RankModelParametersQuantizationSizeRAM RequiredHuggingFace Repo
1Llama 3.1 8B Instruct8Bq44.5 GB10 GBmlx-community/Meta-Llama-3.1-8B-Instruct-4bit
2Qwen 3 8B8Bq44.5 GB10 GBmlx-community/Qwen3-8B-4bit
3Gemma 3 4B Instruct4Bq42.5 GB6 GBmlx-community/gemma-3-4b-it-qat-4bit
4Llama 3.2 3B Instruct3Bq41.8 GB6 GBmlx-community/Llama-3.2-3B-Instruct-4bit
5Llama 3.2 1B Instruct1Bq40.7 GB4 GBmlx-community/Llama-3.2-1B-Instruct-4bit
6Phi 414Bq48.0 GB14 GBmlx-community/phi-4-4bit
7Mistral Small 24B24Bq413.0 GB20 GBmlx-community/Mistral-Small-24B-Instruct-2501-4bit
8Gemma 3 27B Instruct27Bq415.0 GB24 GBmlx-community/gemma-3-27b-it-qat-4bit
9Qwen 3 32B32Bq418.0 GB28 GBmlx-community/Qwen3-32B-4bit
10Llama 4 Scout 109B (MoE)109Bq456.0 GB72 GBmlx-community/Llama-4-Scout-17Bx16E-Instruct-4bit

Model Families

FamilyProviderModels
LlamaMeta1B, 3B, 8B, 109B MoE
QwenAlibaba8B, 32B
GemmaGoogle4B, 27B
PhiMicrosoft14B
MistralMistral AI24B

RAM Recommendations

Available RAMRecommended Models
4-6 GBLlama 3.2 1B
6-10 GBLlama 3.2 3B, Gemma 3 4B
10-14 GBLlama 3.1 8B, Qwen 3 8B
14-20 GBPhi 4 14B
20-28 GBMistral Small 24B, Gemma 3 27B
28-64 GBQwen 3 32B
64+ GBLlama 4 Scout 109B MoE

Model Selection

Teale automatically selects models based on available hardware. The ModelCatalog provides:

  • availableModels(for: hardware) -- all models that fit in available RAM
  • topModels(for: hardware, limit: 3) -- the most popular models that fit, sorted by demand ranking

GGUF Models (Cross-Platform)

On non-Apple platforms, Teale uses llama.cpp with GGUF-format models instead of MLX. GGUF models are available from the same HuggingFace repositories in GGUF format (e.g., Qwen/Qwen3-8B-GGUF).

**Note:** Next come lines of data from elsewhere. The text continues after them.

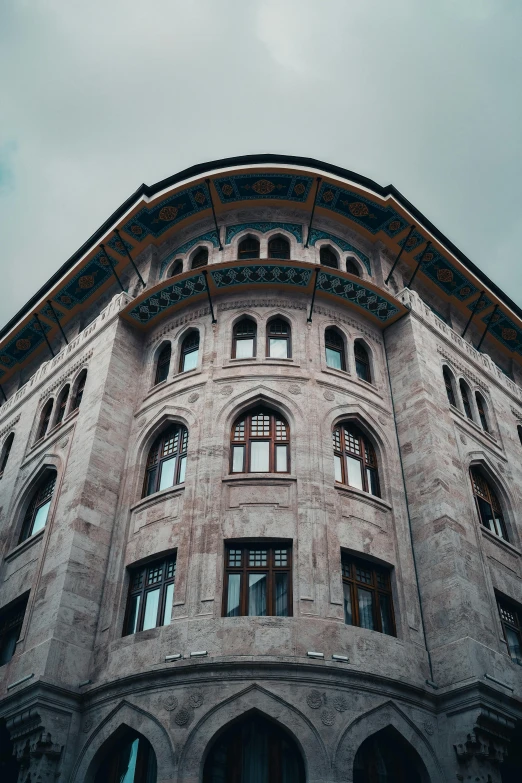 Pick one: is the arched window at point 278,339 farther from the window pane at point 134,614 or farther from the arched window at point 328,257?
the window pane at point 134,614

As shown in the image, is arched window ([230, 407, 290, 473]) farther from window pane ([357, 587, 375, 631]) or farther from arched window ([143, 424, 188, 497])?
window pane ([357, 587, 375, 631])

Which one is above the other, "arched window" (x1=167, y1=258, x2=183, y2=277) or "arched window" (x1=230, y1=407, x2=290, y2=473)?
"arched window" (x1=167, y1=258, x2=183, y2=277)

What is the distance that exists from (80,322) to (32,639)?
14.5m

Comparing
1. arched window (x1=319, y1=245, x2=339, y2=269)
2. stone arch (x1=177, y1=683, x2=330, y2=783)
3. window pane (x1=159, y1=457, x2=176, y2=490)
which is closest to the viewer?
stone arch (x1=177, y1=683, x2=330, y2=783)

The GGUF backend supports:

  • NVIDIA GPUs via CUDA
  • AMD GPUs via ROCm
  • CPU-only inference on any platform
  • Vulkan for cross-platform GPU acceleration

Model sizes and RAM requirements are similar between MLX and GGUF at the same quantization level.

Quantization Levels

LevelDescriptionSize MultiplierQuality
q44-bit quantization1.0x (baseline)Good for most tasks
q88-bit quantization~2xBetter quality, more RAM
fp16Half-precision float~4xFull quality, maximum RAM

The catalog uses q4 by default for the best balance of quality and memory efficiency. Higher quantizations are available by specifying alternate HuggingFace repos.